- Colin Fraser
THREE AND A HALF STARS A boy meets bro love story
ROM-COM US #BROS
Starring Billy Eichner, Luke Mcfarlane
If BROS was a straight film, it would get the attention that most Judd Apatow produced rom-coms receive. This is the kind of balls-forward, marginally offensive comedy that he’s been involved with many times before, the kind where most leading characters get their moment in the spot light to say something ‘outrageous’ that gets middle-America tittering behind their fans. ‘Did he just say that?’ ‘I think he did!’ ‘Oh my goodness!!’ In fairness, his body of work has done a fine job of dismantling fear and anxiety around otherness and made many people laugh along the way. Some (THE 40 YEAR OLD VIRGIN) more successfully than others (THIS IS 40). To further the comparison, if BROS was a straight film it would be joining Paul Rudd for a drink, not Steve Carell.

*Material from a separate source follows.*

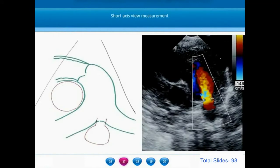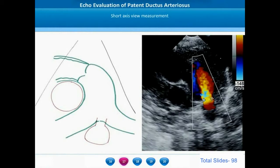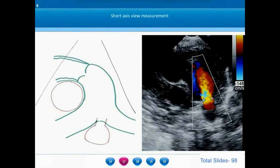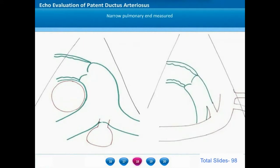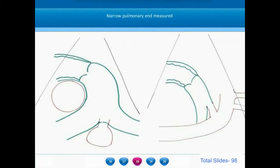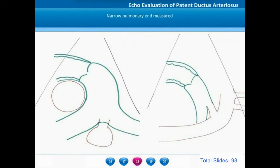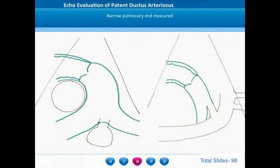On the short axis view, the ductus is again measured. This measurement gives the width of the ductus — from the right end to the left end. The previous measurement on the sagittal plane refers to the dimension from the superior to inferior end. So the narrow pulmonary end of the ductus is measured in two different views: in the short axis for right-to-left dimension, and in the long axis ductal view for the upper-to-lower dimension.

But it’s not a straight film. BROS is riding a spectacular wave of queer screen visibility that has paved the way for a big-budget international multiplex release such as this. BROS, a big gay rom-com is competing toe-to-toe with Vin Diesel, Margot Robbie, Christian Bale, Julia Roberts and George Clooney. First time that’s happened. Recognising that there’s a huge, pent up demand for movies such as this, Hollywood has put prurience behind itself and finally caught up with the real world. The movie acknowledges as much, ‘Gay sex was more fun when straight people were uncomfortable with it’ laments our hero as his friends and their kids do a ‘bottom dance’.
Resting somewhere between TV’s UNCOUPLED and SPECIAL, this leans heavily into the kind of comedy designed to make some people uncomfortable and the rest of us laugh at their discomfort. A lot. For BROS is a funny film. There’s an echo of Woody Allen about the rapid-fire delivery of Billy Eichner’s Bobby, a ’New York Jew’ who’s determined to educate anyone and everyone about gay history, gay culture and gay sex. He’s opening the city’s first gay museum after all, a situation that puts him in the middle of a cultural shitstorm with every letter of the gay alphabet determined to have their input.
Then there’s eye-candy Aaron (Luke Mcfarlane), American beef-cake, a bro and Bobby’s complete opposite. And what do opposites do in movies like this? Exactly. No prizes for guessing how any of this on-off-on-off dating game will play out since Eichner (as writer) and director Nicholas Stoller (BAD NEIGHBOURS) stick very closely to both formulas, that of the rom-com and that of Judd Apatow. That aside, there’s still plenty of fun to be had, especially in a super-charged first half stuffed with laugh out loud jokes and gags. Although the inevitable inevitability gets the better of BROS as it strolls toward an oh-so predictable ending, it firmly achieves what it set out to do: offend some people, make many more people laugh, surprise a few others and do so as an unapologetic, big budget, international multiplex release. First time that’s happened, and that’s quite an achievement.